All the animations used pre-existing graphics, most of which seemed fairly commonplace at that time. I have no idea who created the original graphics. Many of them came from a site called “Icon Browser” (that’s why I used the phrase “Animated Icon Browser”). […] It was an influential site at the time – people everywhere used their icons. Maybe you can find it somewhere.
My goal at that time was just to advertise the possibility of animation. It’s hard to imagine now, but when Netscape 1.1 came out everybody was excited about the possibility of using font colors other than black and link colors other than blue. When Netscape 2.0 came out, it was mind-blowing, by comparison, that images could actually animate.
I spent many hours in Photoshop, modifying popular icons frame by frame, trying to keep file sizes under 3K. That’s the most absurd thing now, but it really seemed necessary then.
Of course I looked for the Icon Browser site. Believe it or not, it is still here http://www.ibiblio.org/gio/iconbrowser/. Put online in February 1994 and last updated in 1998. 7296 icons for all possible themes and interactions.
Look, the third pic in the 4th row it is the one Steve Kangas used for his crying icon .
The Icon Browser collection is huge and eclectic. You don’t even have to ask if the graphics are original or found. But i contacted their author Gioacchino La Vecchia , early web adopter and founder of the Italian W3C . He confirmed, that all the 7296 GIFs were collected by him, not created. He saw himself as a search engine, as an aggregator:
Icons crawling was manual. Download or extraction adapted case by case […] at that time was not easy to find icons for web sites or applications.

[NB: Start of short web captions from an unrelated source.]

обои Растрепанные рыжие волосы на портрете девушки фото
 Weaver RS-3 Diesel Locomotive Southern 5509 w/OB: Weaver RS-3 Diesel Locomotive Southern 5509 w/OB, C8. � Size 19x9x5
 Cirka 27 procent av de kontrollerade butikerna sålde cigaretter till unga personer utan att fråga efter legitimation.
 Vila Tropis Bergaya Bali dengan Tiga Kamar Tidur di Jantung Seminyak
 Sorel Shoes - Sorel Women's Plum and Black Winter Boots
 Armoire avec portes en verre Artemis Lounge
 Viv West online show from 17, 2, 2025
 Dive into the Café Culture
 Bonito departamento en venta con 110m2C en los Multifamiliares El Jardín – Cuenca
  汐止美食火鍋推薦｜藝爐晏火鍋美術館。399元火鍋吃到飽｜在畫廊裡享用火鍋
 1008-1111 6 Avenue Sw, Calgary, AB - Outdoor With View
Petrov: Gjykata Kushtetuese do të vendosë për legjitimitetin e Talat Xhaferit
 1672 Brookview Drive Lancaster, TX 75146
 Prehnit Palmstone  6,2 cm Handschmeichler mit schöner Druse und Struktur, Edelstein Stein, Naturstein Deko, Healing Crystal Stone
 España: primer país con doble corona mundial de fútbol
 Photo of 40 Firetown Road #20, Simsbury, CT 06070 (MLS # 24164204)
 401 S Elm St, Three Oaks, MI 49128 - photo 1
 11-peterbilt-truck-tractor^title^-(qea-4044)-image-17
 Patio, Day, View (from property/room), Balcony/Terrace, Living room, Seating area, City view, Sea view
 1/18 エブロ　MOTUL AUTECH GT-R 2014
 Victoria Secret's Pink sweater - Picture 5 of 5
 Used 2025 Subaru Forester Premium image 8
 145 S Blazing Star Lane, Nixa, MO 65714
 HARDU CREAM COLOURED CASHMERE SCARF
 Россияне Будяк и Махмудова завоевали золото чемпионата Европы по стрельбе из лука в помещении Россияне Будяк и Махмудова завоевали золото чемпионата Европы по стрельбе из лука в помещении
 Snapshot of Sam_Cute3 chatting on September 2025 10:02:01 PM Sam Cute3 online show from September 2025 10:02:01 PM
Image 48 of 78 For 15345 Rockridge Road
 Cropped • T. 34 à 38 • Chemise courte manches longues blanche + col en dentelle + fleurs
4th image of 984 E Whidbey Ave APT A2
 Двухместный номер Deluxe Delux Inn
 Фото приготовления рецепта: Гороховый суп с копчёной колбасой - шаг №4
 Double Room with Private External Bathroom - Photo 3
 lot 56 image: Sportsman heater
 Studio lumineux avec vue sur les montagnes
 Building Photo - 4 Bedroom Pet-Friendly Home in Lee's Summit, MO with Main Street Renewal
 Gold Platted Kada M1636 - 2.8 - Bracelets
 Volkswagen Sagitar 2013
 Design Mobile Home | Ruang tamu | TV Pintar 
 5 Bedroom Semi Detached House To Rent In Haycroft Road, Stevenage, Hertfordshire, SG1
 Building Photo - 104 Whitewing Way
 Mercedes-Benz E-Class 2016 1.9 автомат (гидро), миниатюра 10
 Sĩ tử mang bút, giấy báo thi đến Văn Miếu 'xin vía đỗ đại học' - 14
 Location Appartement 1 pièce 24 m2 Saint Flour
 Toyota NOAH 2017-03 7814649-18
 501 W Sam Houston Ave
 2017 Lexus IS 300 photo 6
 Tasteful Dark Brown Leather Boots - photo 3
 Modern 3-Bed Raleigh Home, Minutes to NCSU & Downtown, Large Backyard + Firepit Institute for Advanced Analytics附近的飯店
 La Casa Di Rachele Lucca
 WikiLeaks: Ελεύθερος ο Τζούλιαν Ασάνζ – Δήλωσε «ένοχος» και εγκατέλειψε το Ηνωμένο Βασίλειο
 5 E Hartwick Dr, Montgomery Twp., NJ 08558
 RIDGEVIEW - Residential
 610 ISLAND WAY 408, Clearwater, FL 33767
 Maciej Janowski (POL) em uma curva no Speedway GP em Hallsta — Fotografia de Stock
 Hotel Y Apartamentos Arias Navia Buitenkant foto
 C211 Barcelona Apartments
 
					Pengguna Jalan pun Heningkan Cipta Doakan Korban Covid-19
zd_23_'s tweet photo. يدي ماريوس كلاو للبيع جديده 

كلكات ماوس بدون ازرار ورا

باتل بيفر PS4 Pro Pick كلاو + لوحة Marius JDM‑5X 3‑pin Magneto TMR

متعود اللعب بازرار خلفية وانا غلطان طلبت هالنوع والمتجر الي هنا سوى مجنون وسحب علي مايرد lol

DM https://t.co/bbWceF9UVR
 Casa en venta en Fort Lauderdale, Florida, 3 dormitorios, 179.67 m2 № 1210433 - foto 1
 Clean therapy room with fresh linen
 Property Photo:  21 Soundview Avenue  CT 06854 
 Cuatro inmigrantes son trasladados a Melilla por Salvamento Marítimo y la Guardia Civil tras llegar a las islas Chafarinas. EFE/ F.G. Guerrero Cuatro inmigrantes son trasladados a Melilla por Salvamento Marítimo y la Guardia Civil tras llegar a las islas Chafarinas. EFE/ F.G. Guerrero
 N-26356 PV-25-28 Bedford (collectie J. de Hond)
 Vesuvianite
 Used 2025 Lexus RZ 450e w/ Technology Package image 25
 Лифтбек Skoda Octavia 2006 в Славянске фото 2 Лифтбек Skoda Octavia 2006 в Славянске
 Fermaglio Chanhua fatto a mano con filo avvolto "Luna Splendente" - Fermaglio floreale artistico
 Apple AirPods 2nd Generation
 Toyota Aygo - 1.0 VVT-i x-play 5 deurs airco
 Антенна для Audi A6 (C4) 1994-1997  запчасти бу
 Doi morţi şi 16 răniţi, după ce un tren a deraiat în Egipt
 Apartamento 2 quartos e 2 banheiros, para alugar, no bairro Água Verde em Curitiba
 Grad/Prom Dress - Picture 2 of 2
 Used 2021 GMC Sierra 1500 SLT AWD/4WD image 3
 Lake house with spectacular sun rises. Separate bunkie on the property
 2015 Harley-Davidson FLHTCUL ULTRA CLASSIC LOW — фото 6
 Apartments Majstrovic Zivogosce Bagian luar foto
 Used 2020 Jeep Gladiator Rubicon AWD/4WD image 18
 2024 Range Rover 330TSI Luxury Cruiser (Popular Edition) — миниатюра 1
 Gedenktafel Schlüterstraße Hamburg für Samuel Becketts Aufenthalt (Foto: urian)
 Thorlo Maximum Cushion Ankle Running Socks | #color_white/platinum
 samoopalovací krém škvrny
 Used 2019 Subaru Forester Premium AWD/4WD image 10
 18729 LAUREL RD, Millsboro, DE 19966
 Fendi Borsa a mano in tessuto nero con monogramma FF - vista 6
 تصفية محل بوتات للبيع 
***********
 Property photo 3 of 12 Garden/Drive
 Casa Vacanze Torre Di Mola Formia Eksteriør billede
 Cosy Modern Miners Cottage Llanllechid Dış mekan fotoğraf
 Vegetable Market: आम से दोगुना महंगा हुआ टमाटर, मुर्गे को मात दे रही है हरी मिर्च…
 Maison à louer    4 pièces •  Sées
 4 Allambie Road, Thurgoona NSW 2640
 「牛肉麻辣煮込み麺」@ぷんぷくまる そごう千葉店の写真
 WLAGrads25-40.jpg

No image search was available (like it is today with Google). So IconBrowser was a primary resource for web and apps developers.
The early web was very eclectic, because web pages were constructed using elements copied from other sites and different collections, from desktop icon collections published on cover CDs, sample files included with graphics or animation software packages, or files that have been popular before the WWW, on BBSes or the UseNet.1 And, I think now, that Steve’s and Gio’s collection’s were influential because you could find there all kinds of stuff. And I think now that being eclectic by themselves they were advocating and pushing this style.
The next pic is a screen shot from a typical homogeneous clip art collection to be found on CDs attached to web design manuals of that time. Its good that early users did more surfing than reading.